U.S. Pat. No. 6,318,639 issued to Toth describes a thermostat with
temporary fan on function for selecting a predetermined time for
enabling operation of the air circulating fan and a period of time
for the operation.
Also see U.S. Pat. No. 6,695,218 issued to Fleckensein which
provides a system that monitors air conditioning operation and
performs calculations to determine when the building circulation
fan would improve the comfort level.
The prior art fails to automatically activate an existing
ventilation fan based on prior operation of the ventilation system
and/or in conjunction with the operation of the central air
distribution system. The present invention provides a means for a
user to select a ventilation fan operational mode and optionally
includes operation in conjunction with the operation of the air
distribution fan.
In a first embodiment, the system is selectably set for continuous
operation, manual operation, or operation of the ventilation fan
for the minimal time selected per cycle interval, including
operation due to manual user demand. In a second embodiment, the
controller provides an effective, automatic means to effect
exhaust, supply, or balanced ventilation, or a combination thereof,
in conjunction with operation of the central air conditioning
system for improved distribution of ventilation air. In a third
embodiment, the cycling system includes a means for making sure
that the central air distribution fan is ON, for a minimum selected
or determined time per interval, including operation due to demand
from, at least one of, a thermostat, humidistat, and dehumidistat
Optionally, the outside air damper would be cycled off (closed)
independent of the air distribution fan if the minimum selected or
determined ventilation time was accomplished.
SUMMARY OF THE INVENTION
A primary objective of the present invention is to provide a new
apparatus, method, system and device to exhaust and dilute polluted
indoor air and increase the distribution of fresh outdoor air
within an interior space.
A second objective of the invention is to provide a new method,
system, apparatus and device for automatically controlling
operation of a new or existing ventilation fan, having a duct to
the outside, and/or operation of the central air conditioning
system blower, having ducts to distribute air within the space, and
optionally having an outside air duct and optional motorized
damper. Use of existing fans and ducts is effective and less
expensive than fans and ducts specially installed for additional
ventilation.
A third objective of the present invention is to provide a new
apparatus, method, system and device to allow automatic operation
of a ventilation fan for a selected or determined time per cycle
interval based on prior operation of the ventilation fan due to
automatic cycling operation and manual user demand.

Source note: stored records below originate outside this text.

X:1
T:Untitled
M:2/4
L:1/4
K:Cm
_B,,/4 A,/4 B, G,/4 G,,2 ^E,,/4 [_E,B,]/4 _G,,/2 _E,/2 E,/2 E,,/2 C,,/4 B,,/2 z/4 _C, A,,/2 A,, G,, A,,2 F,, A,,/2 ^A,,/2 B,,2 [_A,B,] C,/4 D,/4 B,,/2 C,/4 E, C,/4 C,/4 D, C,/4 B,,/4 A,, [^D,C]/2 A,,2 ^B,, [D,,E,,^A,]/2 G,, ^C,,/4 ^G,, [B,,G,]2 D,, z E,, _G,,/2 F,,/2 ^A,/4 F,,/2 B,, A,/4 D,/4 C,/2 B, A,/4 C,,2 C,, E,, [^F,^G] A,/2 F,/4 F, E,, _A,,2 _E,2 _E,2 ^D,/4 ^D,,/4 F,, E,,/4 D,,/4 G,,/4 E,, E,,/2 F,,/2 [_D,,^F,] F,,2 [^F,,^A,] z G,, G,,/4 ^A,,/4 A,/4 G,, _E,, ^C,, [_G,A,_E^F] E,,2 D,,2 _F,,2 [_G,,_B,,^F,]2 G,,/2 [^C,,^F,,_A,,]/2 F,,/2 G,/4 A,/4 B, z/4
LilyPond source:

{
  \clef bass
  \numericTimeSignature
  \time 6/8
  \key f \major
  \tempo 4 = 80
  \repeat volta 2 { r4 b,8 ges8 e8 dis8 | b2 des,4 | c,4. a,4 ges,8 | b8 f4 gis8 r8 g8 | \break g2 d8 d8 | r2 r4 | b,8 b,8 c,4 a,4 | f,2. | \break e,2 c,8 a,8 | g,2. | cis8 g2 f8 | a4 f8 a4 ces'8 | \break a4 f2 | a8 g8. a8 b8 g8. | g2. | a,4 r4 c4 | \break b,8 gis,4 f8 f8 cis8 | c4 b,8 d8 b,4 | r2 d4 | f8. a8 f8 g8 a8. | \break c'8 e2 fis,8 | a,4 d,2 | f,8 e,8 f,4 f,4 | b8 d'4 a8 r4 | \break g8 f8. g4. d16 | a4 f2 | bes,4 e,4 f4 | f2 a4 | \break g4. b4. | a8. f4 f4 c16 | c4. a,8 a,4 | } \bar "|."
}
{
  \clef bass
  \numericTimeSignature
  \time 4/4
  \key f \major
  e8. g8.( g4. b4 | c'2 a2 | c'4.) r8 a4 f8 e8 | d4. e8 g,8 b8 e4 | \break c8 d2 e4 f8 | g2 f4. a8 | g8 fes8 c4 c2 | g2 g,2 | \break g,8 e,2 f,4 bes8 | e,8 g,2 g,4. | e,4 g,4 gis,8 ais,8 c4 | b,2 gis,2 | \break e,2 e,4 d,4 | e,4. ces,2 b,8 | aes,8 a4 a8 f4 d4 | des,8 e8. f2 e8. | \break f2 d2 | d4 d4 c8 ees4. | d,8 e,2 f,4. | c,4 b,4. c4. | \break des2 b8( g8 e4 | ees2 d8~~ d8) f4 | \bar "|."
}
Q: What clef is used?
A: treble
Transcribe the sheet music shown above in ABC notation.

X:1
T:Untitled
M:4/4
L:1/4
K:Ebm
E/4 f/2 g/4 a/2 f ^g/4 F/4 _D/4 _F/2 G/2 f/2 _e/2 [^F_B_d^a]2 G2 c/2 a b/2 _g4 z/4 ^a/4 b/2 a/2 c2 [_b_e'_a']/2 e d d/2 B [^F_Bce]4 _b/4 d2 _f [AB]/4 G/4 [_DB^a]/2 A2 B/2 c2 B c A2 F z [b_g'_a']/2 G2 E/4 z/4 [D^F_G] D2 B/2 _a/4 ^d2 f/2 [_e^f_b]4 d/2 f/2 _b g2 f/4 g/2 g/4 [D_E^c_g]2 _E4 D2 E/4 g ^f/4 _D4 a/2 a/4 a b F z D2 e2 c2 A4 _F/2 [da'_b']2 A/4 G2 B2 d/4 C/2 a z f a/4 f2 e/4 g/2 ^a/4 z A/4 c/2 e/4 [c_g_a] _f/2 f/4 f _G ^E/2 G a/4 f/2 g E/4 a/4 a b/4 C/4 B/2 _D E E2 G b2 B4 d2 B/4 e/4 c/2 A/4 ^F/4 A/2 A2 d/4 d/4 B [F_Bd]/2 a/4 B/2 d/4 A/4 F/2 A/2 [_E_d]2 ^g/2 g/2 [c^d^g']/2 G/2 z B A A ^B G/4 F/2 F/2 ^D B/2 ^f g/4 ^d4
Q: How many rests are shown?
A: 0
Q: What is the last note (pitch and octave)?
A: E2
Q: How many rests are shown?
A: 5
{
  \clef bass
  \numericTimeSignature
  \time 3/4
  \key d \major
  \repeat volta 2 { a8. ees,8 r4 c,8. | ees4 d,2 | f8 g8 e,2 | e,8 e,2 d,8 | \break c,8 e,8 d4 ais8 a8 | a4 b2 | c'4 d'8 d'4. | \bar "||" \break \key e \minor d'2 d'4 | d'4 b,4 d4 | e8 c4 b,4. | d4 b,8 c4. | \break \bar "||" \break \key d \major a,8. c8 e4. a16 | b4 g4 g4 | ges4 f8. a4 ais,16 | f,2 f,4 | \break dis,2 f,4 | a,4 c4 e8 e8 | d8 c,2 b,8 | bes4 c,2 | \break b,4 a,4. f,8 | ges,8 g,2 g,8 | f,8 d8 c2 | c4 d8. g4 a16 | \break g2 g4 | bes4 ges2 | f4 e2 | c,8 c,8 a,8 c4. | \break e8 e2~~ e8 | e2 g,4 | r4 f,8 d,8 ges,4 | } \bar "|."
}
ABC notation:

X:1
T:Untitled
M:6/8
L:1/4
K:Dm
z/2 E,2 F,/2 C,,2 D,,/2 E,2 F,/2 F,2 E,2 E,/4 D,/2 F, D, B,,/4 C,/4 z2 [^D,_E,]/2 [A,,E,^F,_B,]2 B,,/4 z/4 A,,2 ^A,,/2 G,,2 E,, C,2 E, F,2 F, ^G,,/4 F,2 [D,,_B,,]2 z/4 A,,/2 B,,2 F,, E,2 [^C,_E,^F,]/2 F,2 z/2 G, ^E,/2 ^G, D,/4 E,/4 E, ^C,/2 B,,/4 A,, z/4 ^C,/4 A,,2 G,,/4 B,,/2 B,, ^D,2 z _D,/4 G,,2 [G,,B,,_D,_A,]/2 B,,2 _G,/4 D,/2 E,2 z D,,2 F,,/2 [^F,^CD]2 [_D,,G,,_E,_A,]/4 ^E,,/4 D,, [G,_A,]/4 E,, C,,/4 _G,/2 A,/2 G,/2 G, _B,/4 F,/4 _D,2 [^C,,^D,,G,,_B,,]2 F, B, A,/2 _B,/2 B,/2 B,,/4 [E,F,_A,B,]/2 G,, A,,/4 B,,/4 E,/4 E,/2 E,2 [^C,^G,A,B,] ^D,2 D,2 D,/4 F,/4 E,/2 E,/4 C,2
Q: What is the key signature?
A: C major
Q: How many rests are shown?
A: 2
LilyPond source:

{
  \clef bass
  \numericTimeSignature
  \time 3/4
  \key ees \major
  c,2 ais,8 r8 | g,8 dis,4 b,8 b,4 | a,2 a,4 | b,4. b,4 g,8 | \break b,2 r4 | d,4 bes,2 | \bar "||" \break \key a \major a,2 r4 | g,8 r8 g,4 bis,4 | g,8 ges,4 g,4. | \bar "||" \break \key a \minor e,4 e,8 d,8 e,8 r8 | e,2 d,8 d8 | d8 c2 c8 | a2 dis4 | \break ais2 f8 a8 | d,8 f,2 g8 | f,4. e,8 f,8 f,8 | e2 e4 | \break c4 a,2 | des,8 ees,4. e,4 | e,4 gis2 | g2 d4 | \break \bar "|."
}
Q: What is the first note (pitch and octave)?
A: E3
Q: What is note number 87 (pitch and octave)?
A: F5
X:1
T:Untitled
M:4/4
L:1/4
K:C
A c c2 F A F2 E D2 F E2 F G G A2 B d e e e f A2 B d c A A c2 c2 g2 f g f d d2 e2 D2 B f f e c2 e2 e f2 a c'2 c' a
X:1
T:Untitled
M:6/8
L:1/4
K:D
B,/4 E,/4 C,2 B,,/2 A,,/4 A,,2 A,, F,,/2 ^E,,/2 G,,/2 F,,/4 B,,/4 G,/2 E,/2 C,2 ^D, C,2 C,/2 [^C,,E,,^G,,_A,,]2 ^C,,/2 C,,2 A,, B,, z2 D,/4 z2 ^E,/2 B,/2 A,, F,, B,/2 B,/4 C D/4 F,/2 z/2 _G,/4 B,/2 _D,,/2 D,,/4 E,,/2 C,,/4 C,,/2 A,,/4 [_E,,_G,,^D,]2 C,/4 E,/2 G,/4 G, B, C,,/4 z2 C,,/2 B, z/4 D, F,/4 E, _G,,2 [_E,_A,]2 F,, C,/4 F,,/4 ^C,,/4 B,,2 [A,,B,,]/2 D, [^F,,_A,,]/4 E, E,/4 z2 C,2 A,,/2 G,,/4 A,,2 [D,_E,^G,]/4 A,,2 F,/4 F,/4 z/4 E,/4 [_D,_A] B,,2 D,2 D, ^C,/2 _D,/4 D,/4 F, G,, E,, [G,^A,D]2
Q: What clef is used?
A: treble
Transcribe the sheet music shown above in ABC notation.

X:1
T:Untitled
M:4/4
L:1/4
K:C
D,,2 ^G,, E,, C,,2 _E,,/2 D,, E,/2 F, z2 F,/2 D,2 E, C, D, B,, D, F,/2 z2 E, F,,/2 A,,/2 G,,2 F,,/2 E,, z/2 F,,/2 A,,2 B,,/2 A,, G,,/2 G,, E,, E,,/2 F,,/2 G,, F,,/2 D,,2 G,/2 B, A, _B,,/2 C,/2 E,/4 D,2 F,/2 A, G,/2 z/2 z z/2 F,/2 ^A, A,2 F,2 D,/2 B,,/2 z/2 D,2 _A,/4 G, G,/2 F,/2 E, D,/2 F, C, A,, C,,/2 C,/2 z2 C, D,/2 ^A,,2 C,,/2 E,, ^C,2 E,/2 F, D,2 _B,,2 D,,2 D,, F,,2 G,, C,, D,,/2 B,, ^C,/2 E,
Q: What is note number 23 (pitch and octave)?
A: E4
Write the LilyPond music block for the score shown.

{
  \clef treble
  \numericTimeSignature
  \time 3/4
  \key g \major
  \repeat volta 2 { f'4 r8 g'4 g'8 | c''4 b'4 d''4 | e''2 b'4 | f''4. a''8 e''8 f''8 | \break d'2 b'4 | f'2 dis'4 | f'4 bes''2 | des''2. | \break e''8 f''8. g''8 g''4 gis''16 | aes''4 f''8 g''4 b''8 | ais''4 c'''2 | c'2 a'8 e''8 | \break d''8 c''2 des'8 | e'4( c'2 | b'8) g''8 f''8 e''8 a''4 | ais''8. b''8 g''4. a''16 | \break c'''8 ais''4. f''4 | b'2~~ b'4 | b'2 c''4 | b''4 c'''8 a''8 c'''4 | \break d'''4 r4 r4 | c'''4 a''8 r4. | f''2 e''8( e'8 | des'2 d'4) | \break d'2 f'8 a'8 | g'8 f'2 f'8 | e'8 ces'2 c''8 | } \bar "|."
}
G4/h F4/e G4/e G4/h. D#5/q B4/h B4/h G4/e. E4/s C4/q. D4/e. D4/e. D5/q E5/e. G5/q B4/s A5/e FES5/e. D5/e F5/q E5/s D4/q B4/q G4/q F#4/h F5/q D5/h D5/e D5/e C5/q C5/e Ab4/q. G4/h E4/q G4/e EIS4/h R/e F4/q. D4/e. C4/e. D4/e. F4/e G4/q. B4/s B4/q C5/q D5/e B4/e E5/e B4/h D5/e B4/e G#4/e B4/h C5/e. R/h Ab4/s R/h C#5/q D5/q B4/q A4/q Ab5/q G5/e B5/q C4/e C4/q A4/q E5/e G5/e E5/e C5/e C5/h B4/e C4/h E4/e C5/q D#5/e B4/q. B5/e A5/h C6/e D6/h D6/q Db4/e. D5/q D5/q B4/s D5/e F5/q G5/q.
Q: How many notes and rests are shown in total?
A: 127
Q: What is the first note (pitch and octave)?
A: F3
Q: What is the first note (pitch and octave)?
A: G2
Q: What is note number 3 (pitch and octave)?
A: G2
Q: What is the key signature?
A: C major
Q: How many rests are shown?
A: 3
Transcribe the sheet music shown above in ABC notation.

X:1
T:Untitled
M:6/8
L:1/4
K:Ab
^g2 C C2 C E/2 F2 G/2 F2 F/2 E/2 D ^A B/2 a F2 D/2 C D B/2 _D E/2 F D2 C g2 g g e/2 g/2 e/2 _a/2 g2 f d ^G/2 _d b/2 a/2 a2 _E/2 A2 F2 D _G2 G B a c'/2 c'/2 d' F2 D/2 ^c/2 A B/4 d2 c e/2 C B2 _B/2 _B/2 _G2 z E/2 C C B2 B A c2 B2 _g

A fourth objective of the invention is to provide a new apparatus,
method, system and device for selectively controlling the operation
a ventilation system periodically for a selected or determined time
in conjunction with the operation of an air distribution blower of
a central air conditioning system based on prior operation of the
central air conditioning system blower and the ventilation fan.
A fifth objective of the invention is to provide a new apparatus,
method, system and device for automatic cycling operation of the
central air conditioning system blower for a selected or determined
time per cycle interval and selectively automatically activating
the ventilation fan based on operation status of the blower.
A sixth objective of the present invention is to provide an
apparatus, system and method for selecting time-of-day, and
day-of-week for use in conjunction with the automatic cycling
operation.
A seventh objective of the present invention provides an apparatus,
system and method for selecting a mode of central air conditioning
system operation for activation and deactivation of the automatic
cycling operation.
In a first preferred embodiment of the invention, the controller is
selectively set or programmed for one of a continuous operation,
manual operation, or for automatic cycling operation of the
ventilation fan for the minimal selected or programmed time per
cycle interval including operation due to user demand.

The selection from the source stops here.